Atticus was a strong person. His strength of character showed in everything he said, did, and obviously felt.

The truth fits with some people.


Atticus had to choose to be forgiving of a doctored legal system even as he worked to reverse the evils of society which had allowed legality to become so doctored.

Atticus knew the ways of dignity, love, truthfulness and--


It's the flexing of certain muscles of an interior kind.

His interior self had to be strong, beautiful and courageous for him to become so respect-worthy.

To forgive.

It requires care, if not outright love, and an open heart, an open mind, and the ability to admit the truth of one's own flawed humanity.


That's a big part of my lessons here lately.

To be unforgiving is to be unkind. It holds people back. It offers nothing but mistakes, misery and a heap of problems.

Forgiveness is the freedom factor I see missing around me even as I type these words.


It's the best "F" word I know.

It's the gift that heals, mends and chooses peace.

Photo: BlairSnow

Views: 300

Comment by Brazen Princess on March 31, 2015 at 10:22am

One of the qualities I admire in people is their ability to forgive - even major injustices!  I agree with Matthew West's quote here!!  Good post, PW!!

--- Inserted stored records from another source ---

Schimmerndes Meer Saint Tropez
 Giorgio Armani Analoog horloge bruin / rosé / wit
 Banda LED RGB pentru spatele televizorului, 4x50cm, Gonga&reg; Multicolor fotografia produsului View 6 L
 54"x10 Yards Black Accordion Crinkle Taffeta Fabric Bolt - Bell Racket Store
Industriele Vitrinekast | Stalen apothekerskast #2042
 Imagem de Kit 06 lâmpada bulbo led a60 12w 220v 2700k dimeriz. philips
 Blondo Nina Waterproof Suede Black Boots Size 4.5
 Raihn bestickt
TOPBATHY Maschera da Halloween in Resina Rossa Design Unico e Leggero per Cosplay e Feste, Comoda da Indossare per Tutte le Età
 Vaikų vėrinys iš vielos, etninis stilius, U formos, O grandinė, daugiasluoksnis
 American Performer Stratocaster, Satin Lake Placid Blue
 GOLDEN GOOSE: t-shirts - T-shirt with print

Comment by Poor Woman on March 31, 2015 at 10:40am

Brazen: (I like that word right now!) Thanks. I appreciate the positive response.

You're right--even major injustices sometimes need forgiving. After all, nobody's perfect, we all are mistake-makers, and I think that we must cut one another enough slack in order to allow for the learning curve that is human!


Comment by Poor Woman on March 31, 2015 at 10:44am

aka: Sanctimony is neither synonymous with forgiveness nor even mentioned within its context in any of my dictionaries (shelf or online).

It means "affected or hypocritical holiness."

There is nothing hypocritical about admitting one's at fault,. Neither is there anything hypocritical about offering somebody the gifts of forgiveness for simple human failing. If we all fail, and i will admit that I have failed, how could it be a hypocritical step for me to make?

Peace to you

Comment by Arthur James on March 31, 2015 at 10:55am


I hope Con C.

Open a nice

new our salon

dating service?

Cons are not

all Lawyers.

Con C. can
help us hook

up and kiss

a lonely 


or blogger

who alone

in bed?


Comment by alsoknownas on March 31, 2015 at 10:57am

Maybe "equate" was incorrect. I meant more so to say: " I sometimes see forgiveness as linked to sanctimony in that it takes a judgment call to determine the action is needed."

Comment by Carole Dixon on March 31, 2015 at 11:18am
In my life, forgiveness is a process. The best example I can give is from my first marriage. I keep getting to places where I believe I have forgiven the past, then over a quarter of a century later, I will learn of another infidelity or rotten thing he did to our sons. This is when I discover there is a bottomless barrel of undiscovered resentments. I forgive and let go again, until the next betrayal is revealed and sheds light on yet another hurt.
Comment by Kenneth Sibbett on March 31, 2015 at 11:37am

What an excellent post. I haven't talked to my son in a Blue Moon and have no idea why or what he is mad at. I can only let it be known that I am here and when he wants to be father, son, or just friends again, I am here.  Peace to you, too~

Comment by Jonathan Wolfman on March 31, 2015 at 11:49am

I have been unwilling to forgive but one time in my adult life, and I am satisfied that I won't forgive that person.

Fascinating piece, PW.

Comment by koshersalaami on March 31, 2015 at 11:49am

Yes, forgiveness can be difficult. 
Is this a general post or are you alluding to something specific? 

Comment by Poor Woman on March 31, 2015 at 11:52am

Sorry to be so behind! I was busy chatting with our Lorianne and also reading others' posts!

aka: I link sanctimony with hypocrisy. I never link it to the serious process of forgiving myself or others. I see life as a level playing field. Thanks for the further clarification.